== Record extracts ==

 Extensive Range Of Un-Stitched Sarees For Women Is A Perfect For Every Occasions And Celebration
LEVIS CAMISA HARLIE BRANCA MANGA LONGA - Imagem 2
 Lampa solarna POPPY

===
== Record extracts ==

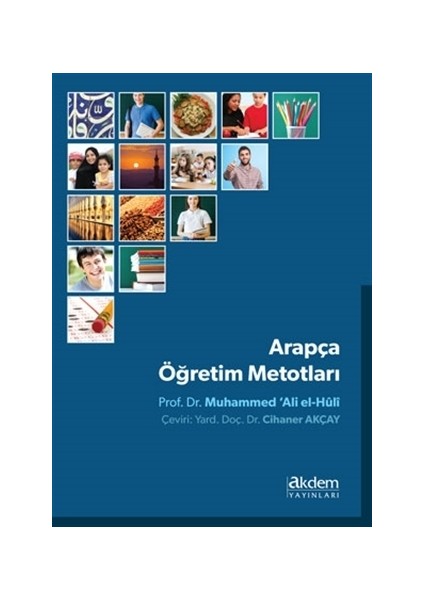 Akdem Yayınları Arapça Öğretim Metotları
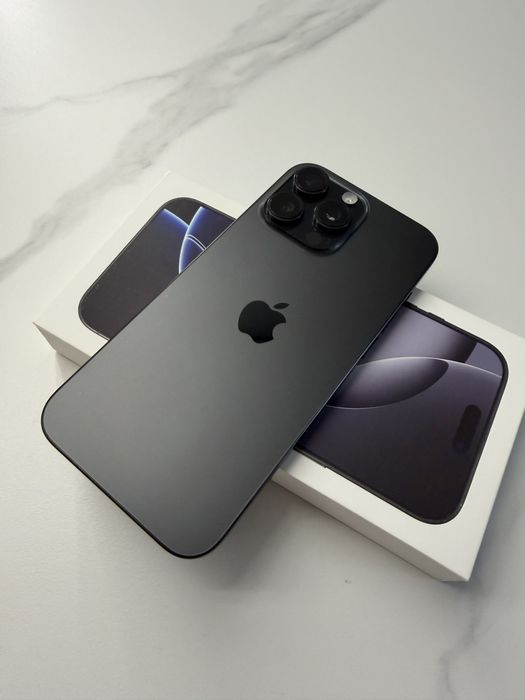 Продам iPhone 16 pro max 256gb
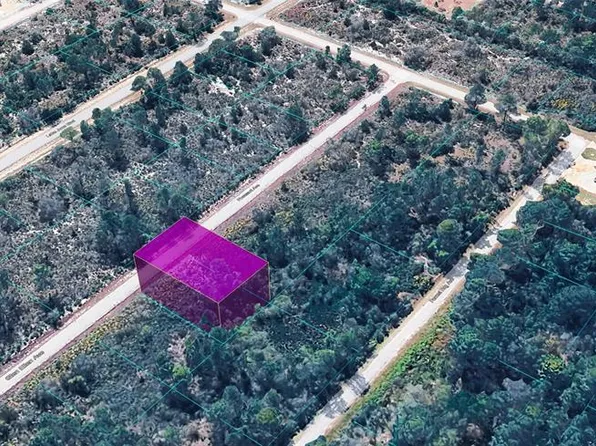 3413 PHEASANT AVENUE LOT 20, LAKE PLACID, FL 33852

===

→ **Exercise prompt**
Only the lines from the one containing "Extensive Range Of" through the one containing "Lampa solarna POPPY" are to be retyped, both boundary lines included, with no other material.

→ **Completed task**
 Extensive Range Of Un-Stitched Sarees For Women Is A Perfect For Every Occasions And Celebration
LEVIS CAMISA HARLIE BRANCA MANGA LONGA - Imagem 2
 Lampa solarna POPPY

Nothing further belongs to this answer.